The merge program first loads the base model.
base_model = "unsloth/Llama-3.2-1B-Instruct"
new_model = "Llama-3.2-1B-Instruct-Country-SQL"
tokenizer = AutoTokenizer.from_pretrained(base_model)
base_model_reload = AutoModelForCausalLM.from_pretrained(
base_model,
return_dict=True,
low_cpu_mem_usage=True,
torch_dtype=torch.float16,
device_map="auto",
trust_remote_code=True,
)
Then, it merges the adapter with the base model.
model = PeftModel.from_pretrained(base_model_reload, new_model)
model = model.merge_and_unload()
And lastly, it saves the model and uploads it to Hugging Face.
model.save_pretrained(new_model)
tokenizer.save_pretrained(new_model)
model.push_to_hub(new_model, use_temp_dir=False, token="hf_")
tokenizer.push_to_hub(new_model, use_temp_dir=False, token="hf_")
I ran this program with the following command.
poetry run python finetune/merge.py
This process only takes a few seconds.
Run fine-tuned model ¶
You can now test the fine-tuned model with the transformers Python library.
The model ralscha/Llama-3.2-1B-Instruct-Country-SQL
is publicly available on Hugging Face.
tokenizer = AutoTokenizer.from_pretrained("ralscha/Llama-3.2-1B-Instruct-Country-SQL")
model = AutoModelForCausalLM.from_pretrained("ralscha/Llama-3.2-1B-Instruct-Country-SQL")
messages = [
{
"role": "user",
"content": (
PROMPT_TEMPLATE.format(question="Show me countries where the population is greater than 10 million."))
}
]
prompt = tokenizer.apply_chat_template(messages, tokenize=False,
add_generation_prompt=True)
inputs = tokenizer(prompt, return_tensors="pt", padding=True,
truncation=True)
outputs = model.generate(**inputs, max_new_tokens=150,
num_return_sequences=1)
text = tokenizer.decode(outputs[0], skip_special_tokens=True)

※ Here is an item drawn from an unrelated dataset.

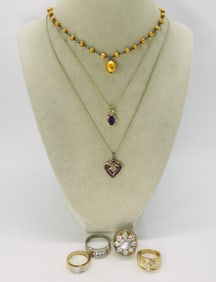 Gold Tone Sterling Rings & Necklaces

print(text.split("assistant")[1])
Converting to ONNX ¶
The model we trained can't be loaded with Transformers.js in this format. We have to convert it to ONNX. Thankfully, the Transformers.js library provides a Python script to convert PyTorch models.

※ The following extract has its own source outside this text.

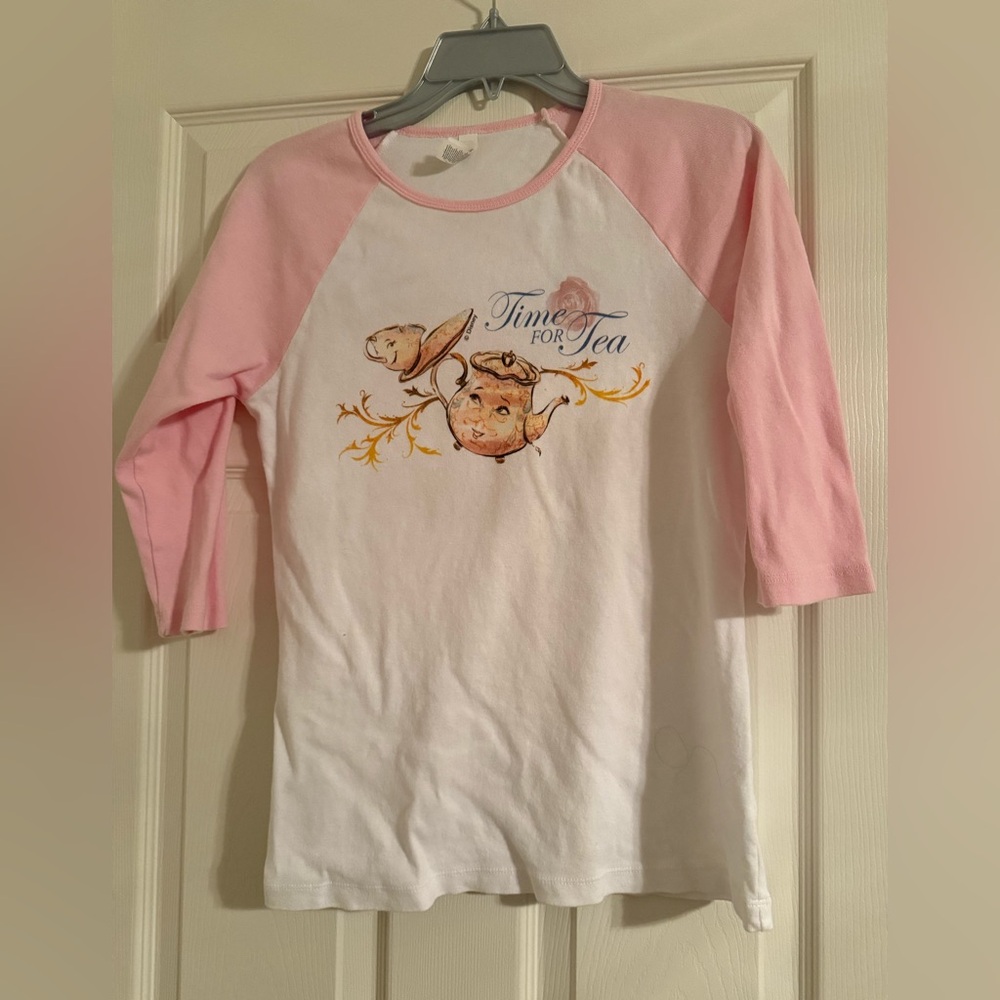 Bella Canvas Beauty and the Beast Mrs. Potts & chip Pink & White 3/4 Sleeve Tee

I cloned the Transformers.js repository and ran the following command to convert the model
python -m scripts.convert --quantize --model_id ralscha/Llama-3.2-1B-Instruct-Country-SQL
This command converts the model to ONNX and quantizes it. The program outputs the model in
different quantization formats. I chose the smallest one, q4f16
, and copied it into my web application's assets
folder.
Make sure that the directory layout looks like this. Transformers.js expects the files in this structure.
assets
└── ralscha
└── Llama-3.2-1B-Instruct-Country-SQL
└── onnx
└── model_q4f16.onnx
├── config.json
├── generation_config.json
├── tokenizer.json
└── tokenizer_config.json
In the TypeScript code, I updated the prompt template to the shorter version and the one I used in the fine-tuning process.

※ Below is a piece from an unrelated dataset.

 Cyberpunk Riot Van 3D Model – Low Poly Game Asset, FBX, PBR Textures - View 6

I also changed the model name to ralscha/Llama-3.2-1B-Instruct-Country-SQL
in the pipeline call.
this.generator = await pipeline('text-generation', 'ralscha/Llama-3.2-1B-Instruct-Country-SQL', {
device: 'wasm',
dtype: 'q4f16',
local_files_only: true,
});
One problem is that this fine-tuned model only works with the wasm
device. Compared to webgpu
, this is much slower.
I couldn't figure out what I did wrong. If somebody knows where the problem is, please let me know.
Conclusion ¶
When testing the web application with this model, I saw that the quality of the generated SQL statements improved. The model now generates SQL statements more consistently and with fewer errors. More training data would probably improve the quality even more.
Fine-tuning a model is a powerful technique to improve the quality of the generated answers. These tiny models can greatly benefit from fine-tuning, especially when used for a specific task. These small models don't take a long time to fine-tune, and when you have a GPU, you can run the process on your local machine.
With the programs I showed you in this blog post, you have all the tools to fine-tune a model and convert it to ONNX. This article about fine-tuning helped me a lot to get the process up and running.